(Extracted data entries)
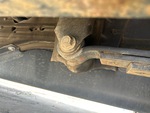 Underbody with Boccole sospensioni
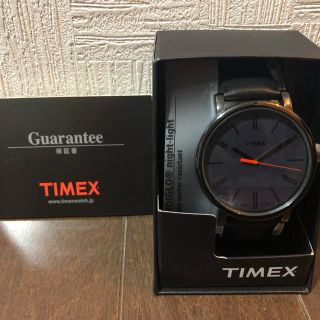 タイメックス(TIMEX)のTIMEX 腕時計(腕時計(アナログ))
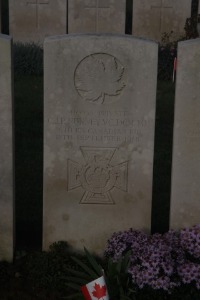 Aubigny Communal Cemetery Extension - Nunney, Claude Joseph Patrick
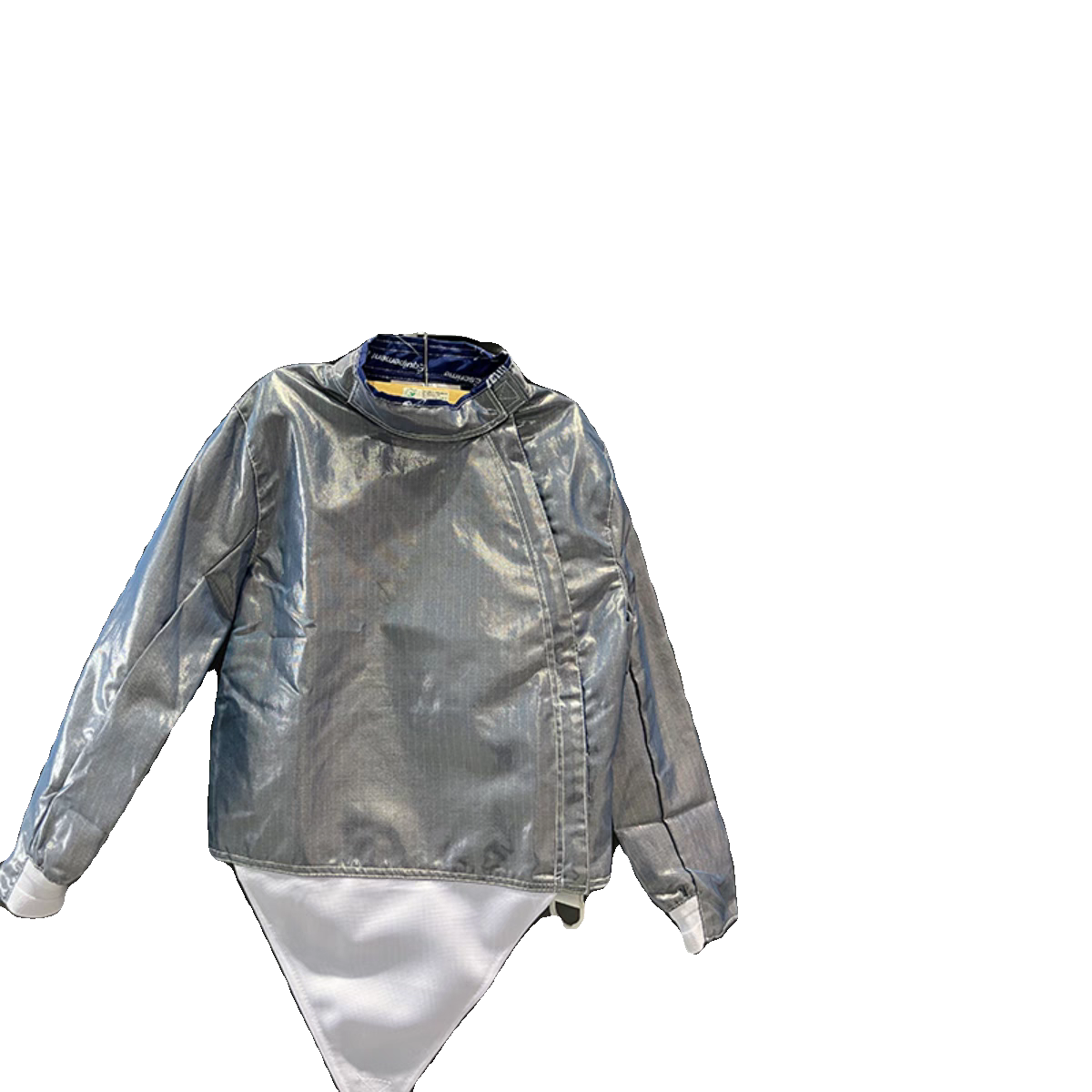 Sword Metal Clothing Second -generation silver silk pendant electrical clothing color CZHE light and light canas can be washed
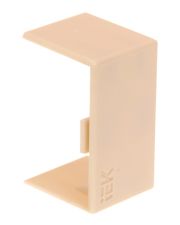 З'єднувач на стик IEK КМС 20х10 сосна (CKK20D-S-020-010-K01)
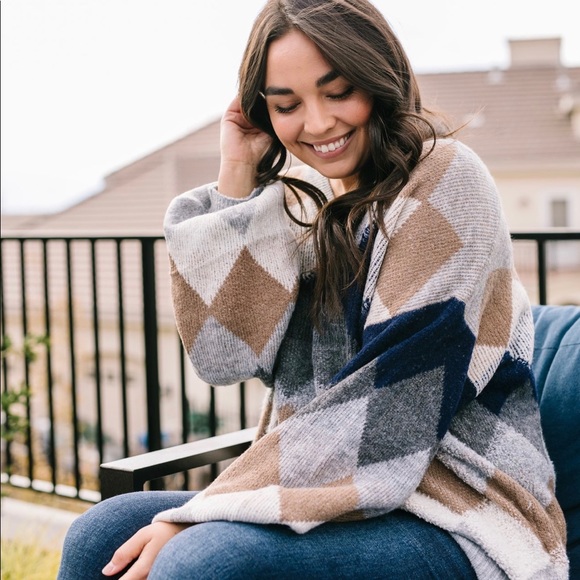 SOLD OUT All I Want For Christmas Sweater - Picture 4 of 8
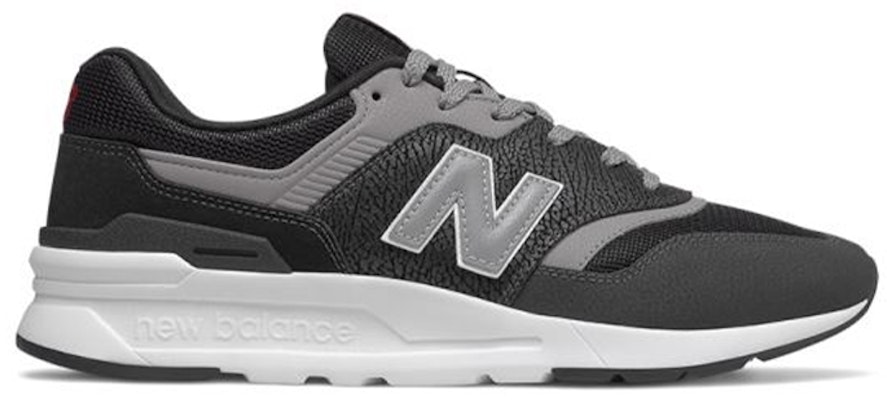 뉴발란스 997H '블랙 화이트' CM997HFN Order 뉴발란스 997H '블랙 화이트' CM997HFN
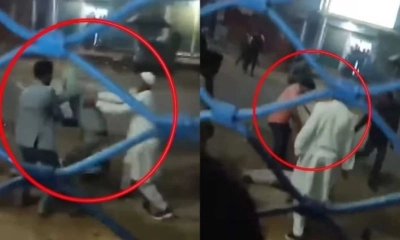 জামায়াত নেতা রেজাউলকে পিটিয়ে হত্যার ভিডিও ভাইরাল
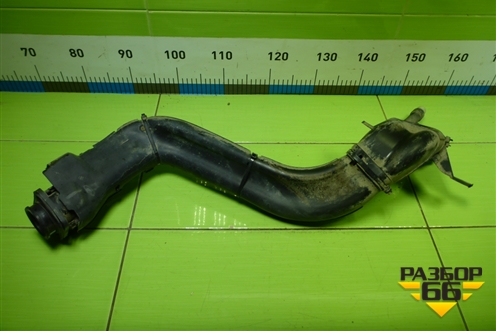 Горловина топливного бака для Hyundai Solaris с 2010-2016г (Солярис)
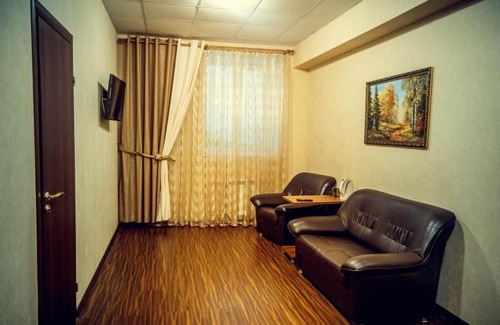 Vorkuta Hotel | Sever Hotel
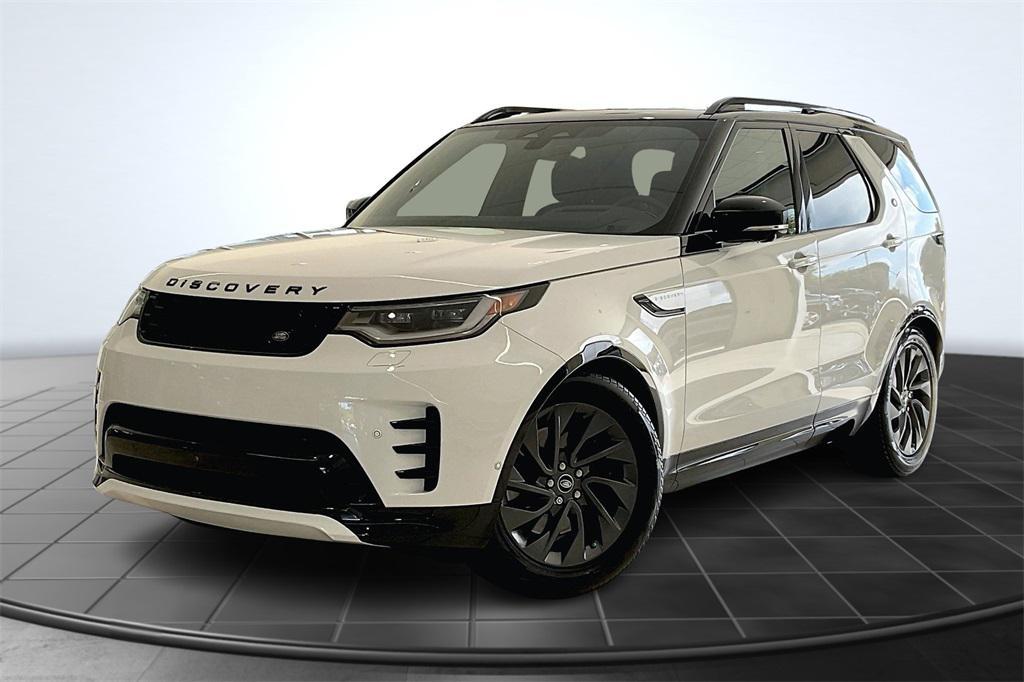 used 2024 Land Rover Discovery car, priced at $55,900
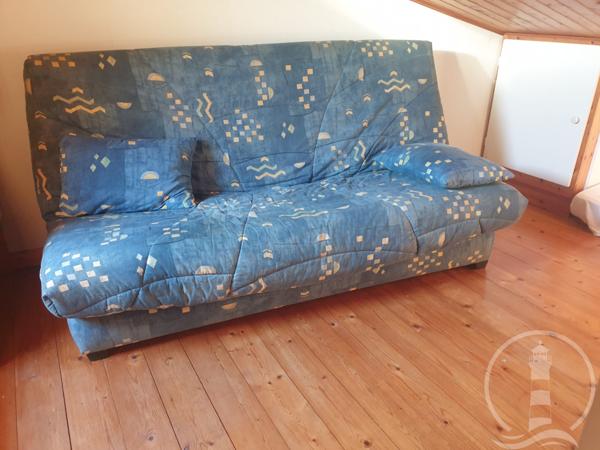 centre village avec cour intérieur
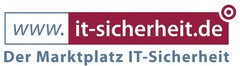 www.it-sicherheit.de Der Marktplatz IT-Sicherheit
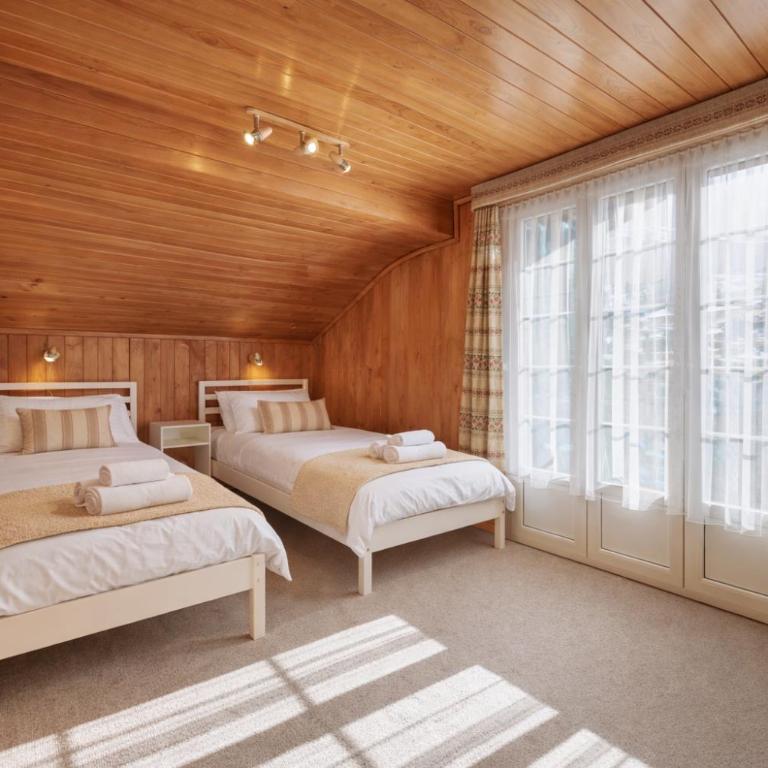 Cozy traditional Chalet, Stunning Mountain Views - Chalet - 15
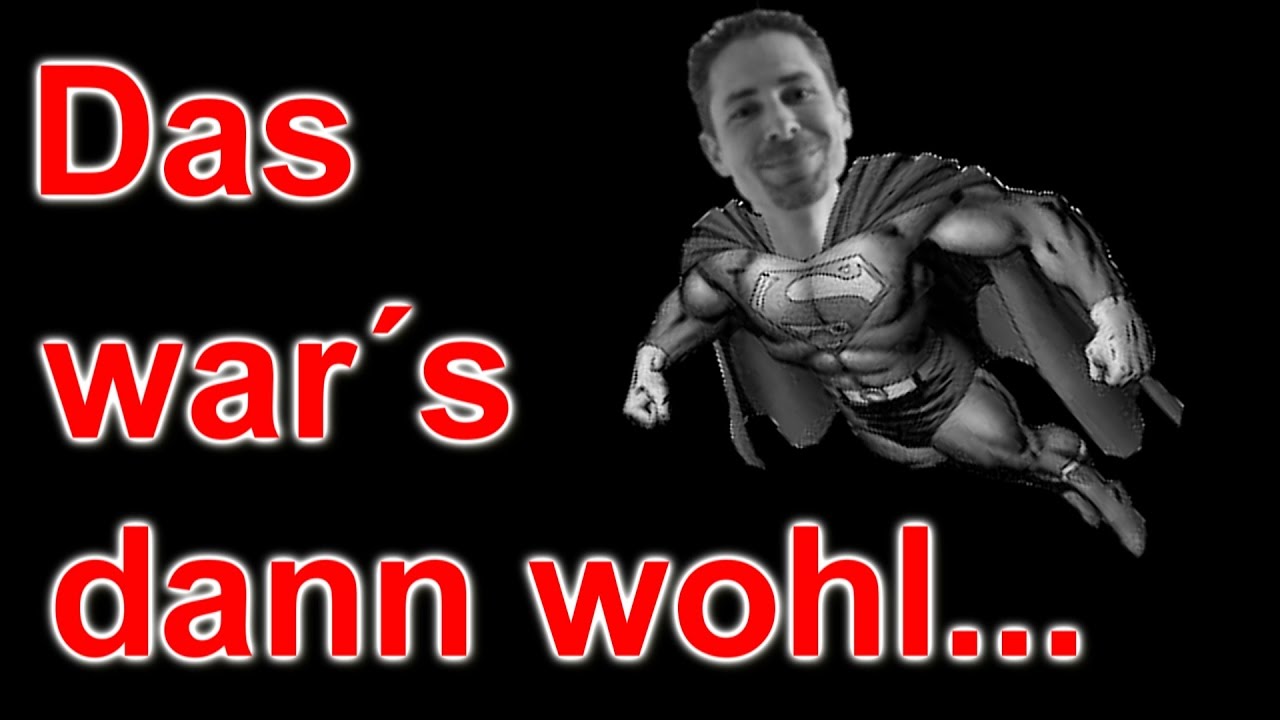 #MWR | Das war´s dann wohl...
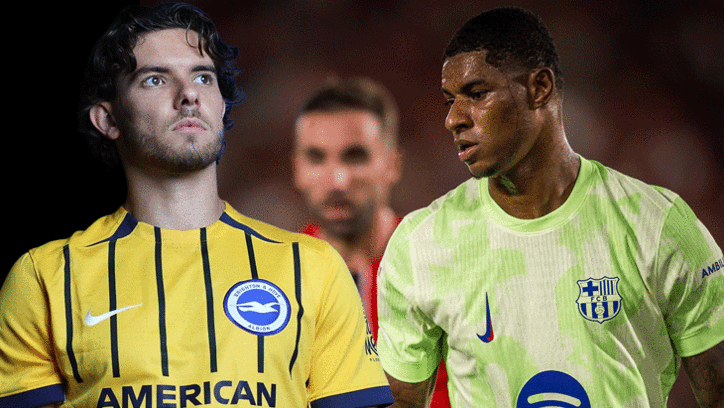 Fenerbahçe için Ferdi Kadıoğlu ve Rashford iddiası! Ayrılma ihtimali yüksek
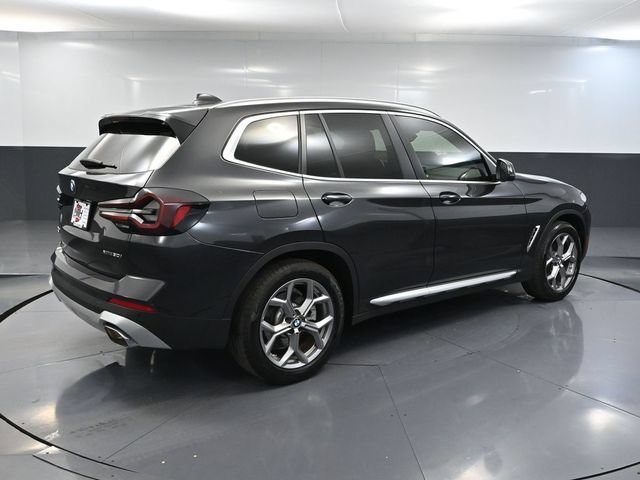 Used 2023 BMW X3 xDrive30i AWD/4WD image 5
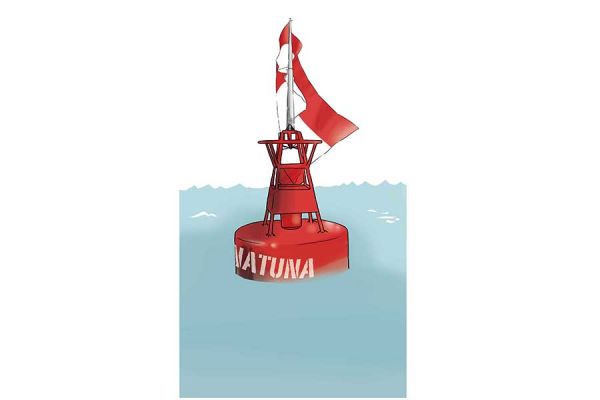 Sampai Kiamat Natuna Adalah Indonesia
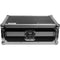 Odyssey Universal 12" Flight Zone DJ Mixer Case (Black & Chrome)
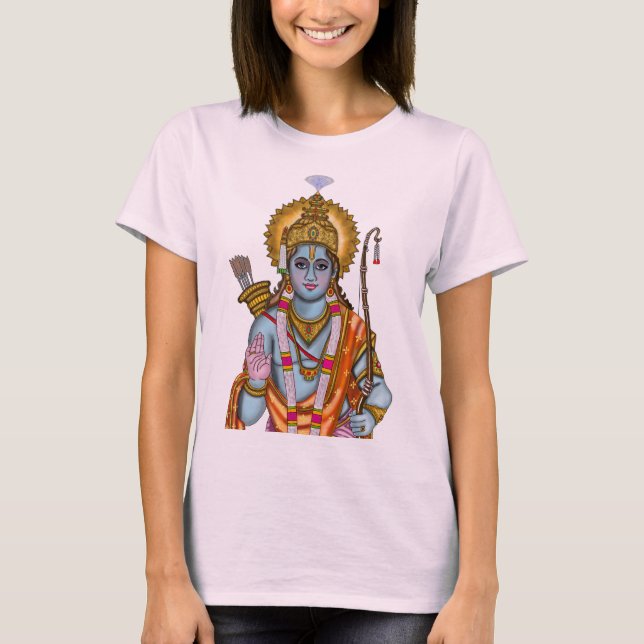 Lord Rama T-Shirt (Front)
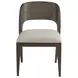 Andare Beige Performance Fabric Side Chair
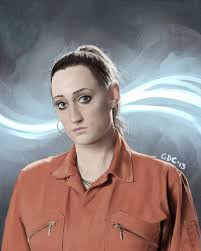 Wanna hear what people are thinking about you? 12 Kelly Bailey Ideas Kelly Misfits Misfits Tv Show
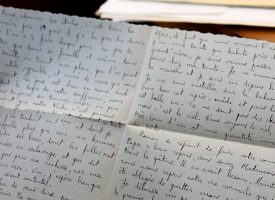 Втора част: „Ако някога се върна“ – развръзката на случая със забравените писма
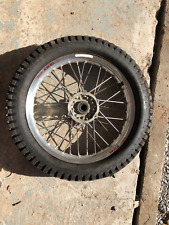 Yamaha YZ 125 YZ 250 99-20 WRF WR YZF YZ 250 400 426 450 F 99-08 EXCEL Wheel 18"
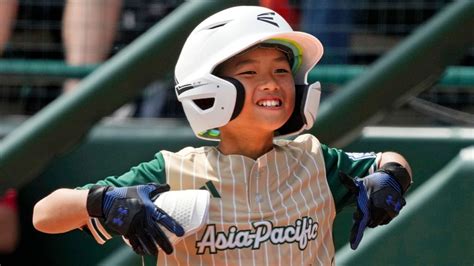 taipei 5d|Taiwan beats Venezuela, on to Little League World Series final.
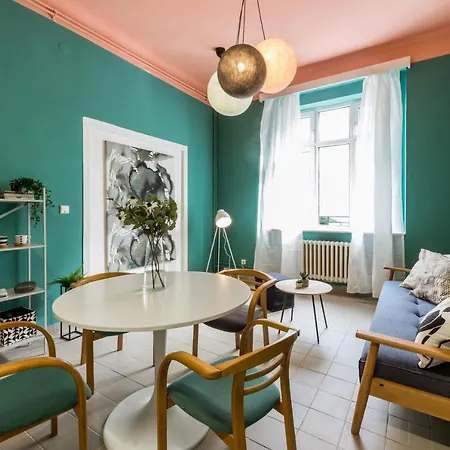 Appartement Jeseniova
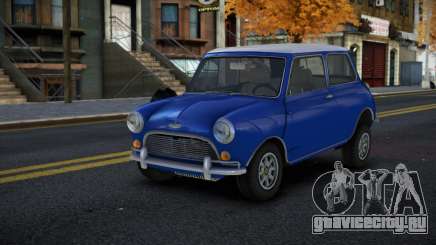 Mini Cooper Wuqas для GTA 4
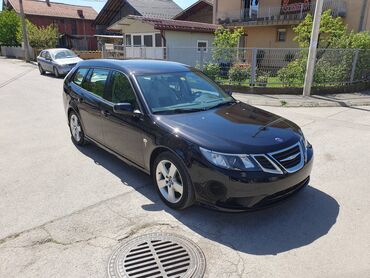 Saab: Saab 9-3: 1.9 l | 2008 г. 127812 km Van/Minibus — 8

▶ Instructions for the task
Your copy should hold exactly the lines from the one with "Cozy traditional Chalet, Stunning" through the end of the records, both included, and no pictures.

▶ Written reply
 Cozy traditional Chalet, Stunning Mountain Views - Chalet - 15
 #MWR | Das war´s dann wohl...
 Fenerbahçe için Ferdi Kadıoğlu ve Rashford iddiası! Ayrılma ihtimali yüksek
 Used 2023 BMW X3 xDrive30i AWD/4WD image 5
 Sampai Kiamat Natuna Adalah Indonesia
 Odyssey Universal 12" Flight Zone DJ Mixer Case (Black & Chrome)
 Lord Rama T-Shirt (Front)
 Andare Beige Performance Fabric Side Chair
 Wanna hear what people are thinking about you? 12 Kelly Bailey Ideas Kelly Misfits Misfits Tv Show
 Втора част: „Ако някога се върна“ – развръзката на случая със забравените писма
 Yamaha YZ 125 YZ 250 99-20 WRF WR YZF YZ 250 400 426 450 F 99-08 EXCEL Wheel 18"
 taipei 5d|Taiwan beats Venezuela, on to Little League World Series final.
 Appartement Jeseniova
 Mini Cooper Wuqas для GTA 4
 Saab: Saab 9-3: 1.9 l | 2008 г. 127812 km Van/Minibus — 8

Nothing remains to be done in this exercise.